Africa as a whole still remains SAFLEC’s focus, but SA exporters aren’t taking their opportunities, she said: “This year, we’ve offered outward selling mission opportunities to 19 destinations in Africa, including setting up business meetings for exhibitors, but we’re only getting 3 or 4 applicants in each case.

Former vice chairman Stuart Hopwood, who retires from Bolton Footwear at the end of August, received an award for his services to SAFLEC.
“However, we have very good uptakes for all other destinations, which showed in our increase of exports to that segment. We want to encourage more Africa engagement as well though, as these are priority markets.”
She said the world had changed and online presence was vital. “Therefore exporters have to maximise information technology, and one of our missions is to drive social media and the AI way of doing things. If you aren’t on Instagram or similar platforms, you don’t exist to the world. Another important fact is that consumers want to know the story behind the product. Example: ‘It was made in Africa, by a company that prioritizes upskilling, and workers are empowered through the making of the product to sustain their families’.”

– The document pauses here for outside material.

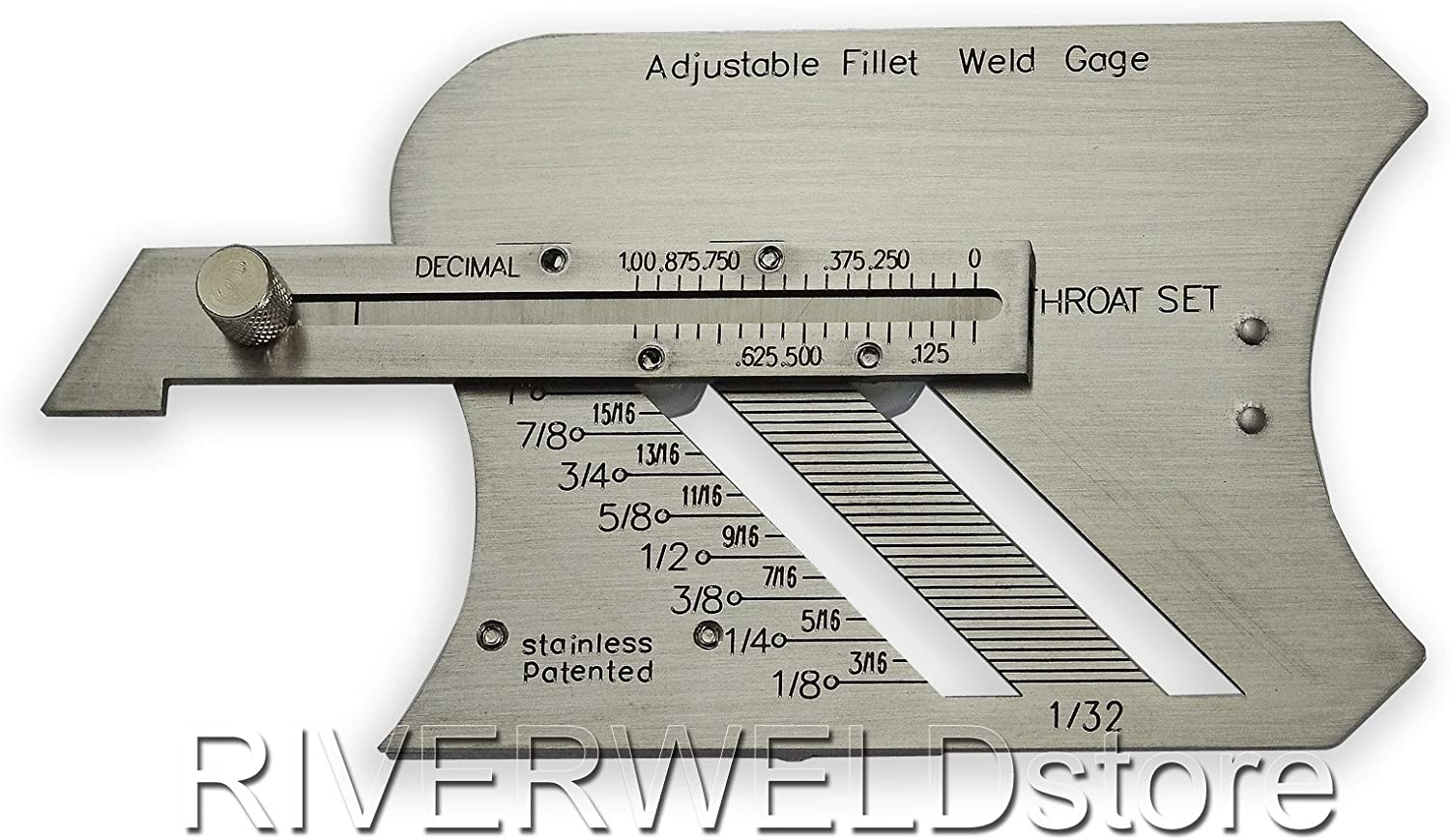 Adjustable Fillet Weld Gauge and Unequal LEG Measurement Feature Weld Inspection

An export-orientated manufacturing industry, making higher quality footwear and leather goods, was a credible option, she said. Citing Portugal as an example, she said: “Export markets aren’t easy to create, and there are many hurdles, but in the long run, it’s a successful strategy.”
“Despite the difficulties, I’m optimistic for the future,” she said. "After the storm comes the recovery.
“We do hope we can get back to normal after our 12-month Tech Fund holiday as no contributions were made by footwear this year and our matching grant is directly affected. Our portion of the Tech Fund serves as the footwear industry’s membership fee that helps us to do the best we can for industry.”

Benjamin Ross, director of auditor Marwick & Co.
Auditor’s report
SAFLEC’s 2 major sources of income, a grant from the Footwear Industry Tech Fund, via SAFLIA, and a matching grant from the DTIC, were cut last year.
Benjamin Ross, director of auditor Marwick & Co., said: “The highlight of the audit is the disclosure of the directors on the directors’ report regarding the going concern of SAFLEC which states:
1. The company have prepared financial statements for continuance for 3 years. However, the directors are concerned about the financial stability due to funding from SAFLIA being put on hold for 2024 and its effects on the collection of our R1 million matching grant from the DTI, which will affect income and may cause us to dip into reserves that have been set aside for the continuity of 3 years.
2. This will be monitored very closely by the auditors as a high risk for continued future engagement to determine if and when SAFLEC no longer meets the definition of a going concern entity.”